It’s a Syn (Part 7)

Before we can resolve conflicts, we have to generate some. We can let each node try and register the same pool of names:

Init ==
     ...
    /\ names = [n \in Nodes |-> 1..MaxValues]

 Register(n) ==
    /\ names[n] # {}
    /\ LET next_val == CHOOSE o \in (names[n]): TRUE
         IN ...
        /\ names' = [names EXCEPT![n] = names[n] \ {next_val}]
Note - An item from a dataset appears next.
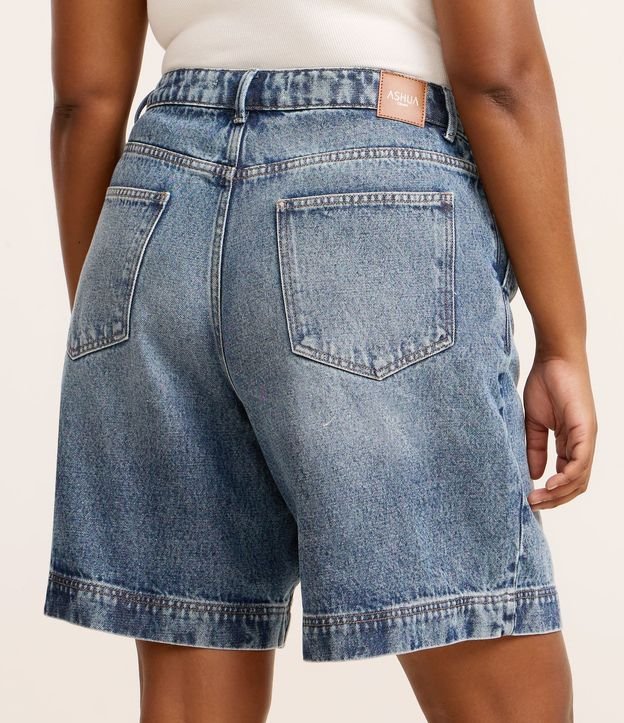 Bermuda en Jeans con Pences y Bajo Larga Curve & Plus Size 5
This produces an immediate failure, and reveals that we have a race even without disconnection:

...

State 3: <Next line 139, col 5 to line 149, col 22 of module syn>
/\ states = <<<<"Register", n1, 1>>, <<"Register", n2, 1>>>>
/\ names = (n1 :> {} @@ n2 :> {})
/\ inbox = ( n1 :> <<[action |-> "sync_register", name |-> 1, from |-> n2]>> @@
  n2 :> <<[action |-> "sync_register", name |-> 1, from |-> n1]>> )
/\ locally_registered = (n1 :> (n1 :> {1} @@ n2 :> {}) @@ n2 :> (n1 :> {} @@ n2 :> {1}))
/\ disconnections = 0
/\ registered = {1}
/\ visible_nodes = (n1 :> {n2} @@ n2 :> {n1})
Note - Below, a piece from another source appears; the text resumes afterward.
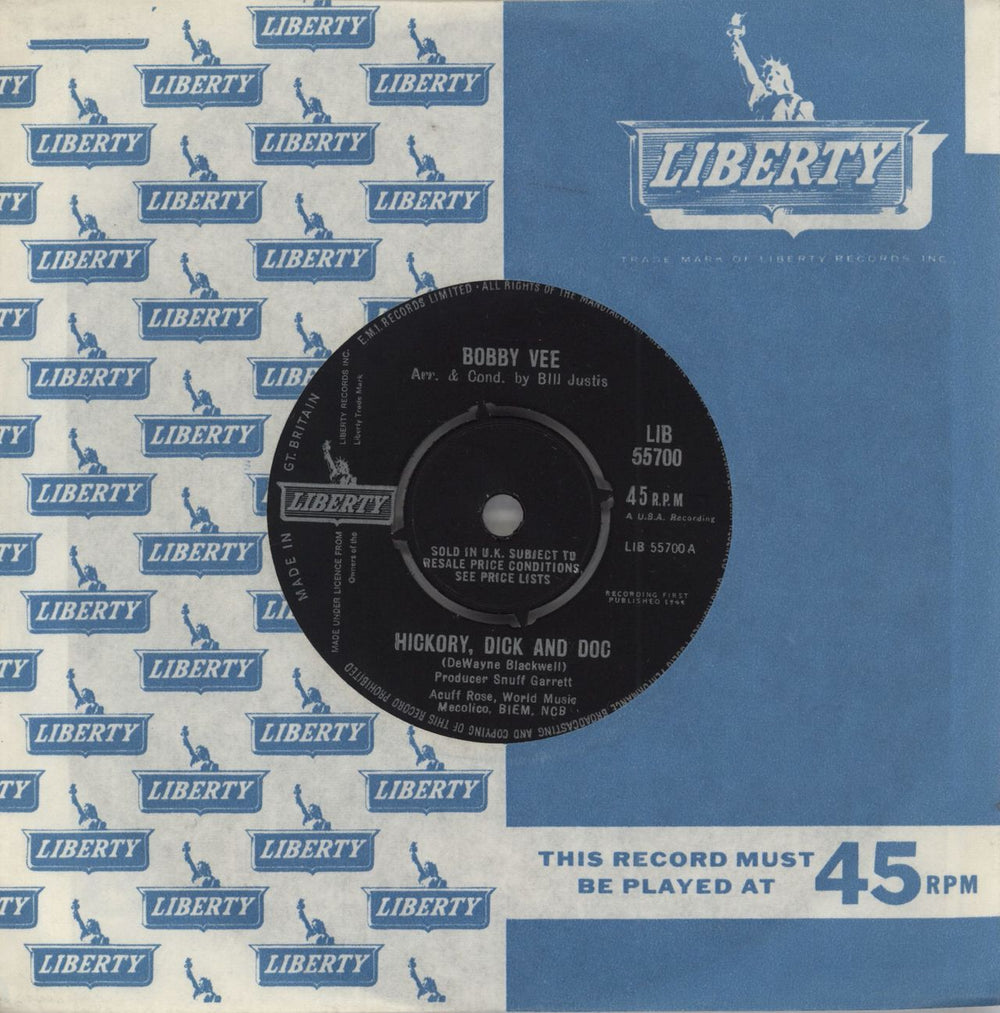 Bobby Vee Hickory, Dick And Doc UK 7" vinyl single (7 inch record / 45) LIB55700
Both nodes can attempt to register the same name, even when connected, if it’s before the sync_register message has arrived/been processed.

Let’s park that, for now. Our conflict resolution process will pick the most recent registration as the winner, so we will need the concept of time:

Init ==
    ...
    /\ time = 0

Register(n) ==
    ...
    /\ time' = time + 1

A counter incremented by every state transition. Now, instead of a storing registrations in a set, we will have a struct (function) of name -> time:

 Init ==
    ...
    /\ locally_registered = [n1 \in Nodes |-> [n2 \in Nodes |-> <<>>]]
    /\ names = {"a"}

I was seeing some confusing behaviour from TLC when using integer keys for the registered names, so I switched to a set of strings.

Register(n) ==
    /\ names # {}
    /\ LET next_val == CHOOSE o \in names: TRUE
        l == [locally_registered[n] EXCEPT![n] = locally_registered[n][n] @@ [r \in {next_val} |-> time]]
        IN registered' = registered \union {next_val}
        /\ locally_registered' = [locally_registered EXCEPT![n] = l]
        /\ names' = names \ {next_val}
    ...

SyncRegister(n) ==
    ...
    /\ LET message == Head(inbox[n])
        l == [locally_registered[n] EXCEPT![message.from] = locally_registered[n][message.from] @@ [r \in {message.name} |-> message.time]]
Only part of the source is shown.